**Instructions to follow**
Give again, unaltered, the line with "Bodo Wartke mit" and all lines that follow it in the listing below, minus any pictures.

Material provided section start

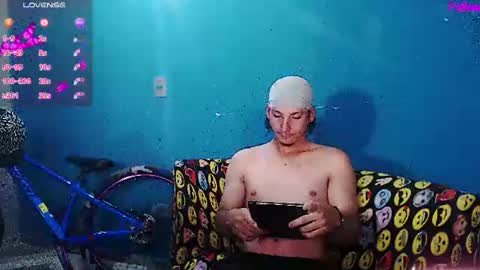 Snapshot of mrkingsaintx chatting on June 15, 2026, 9:11 am DEIVI online show from June 15, 2026, 9:11 am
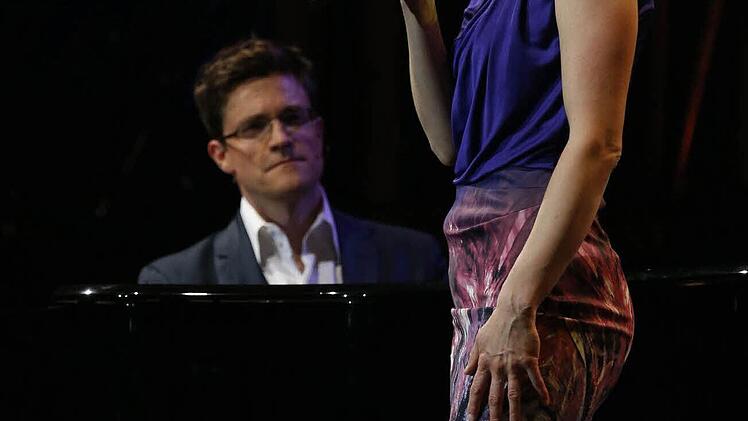 Bodo Wartke mit seiner Duettpartnerin Melanie Haupt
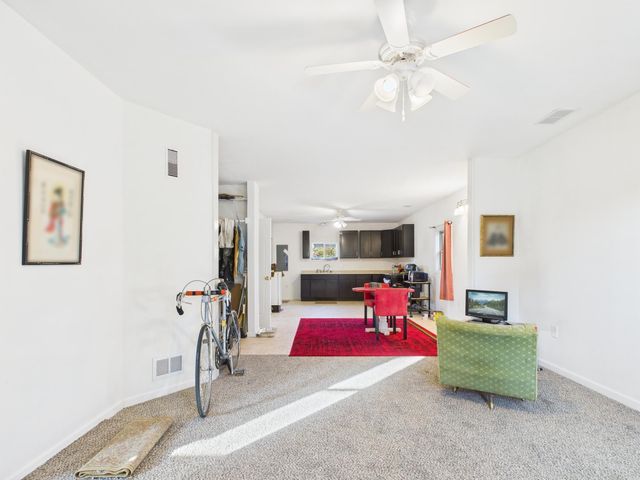 523 Pine Street, Cabool, MO 65689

Material provided section end

**Solution to this exercise**
 Bodo Wartke mit seiner Duettpartnerin Melanie Haupt
 523 Pine Street, Cabool, MO 65689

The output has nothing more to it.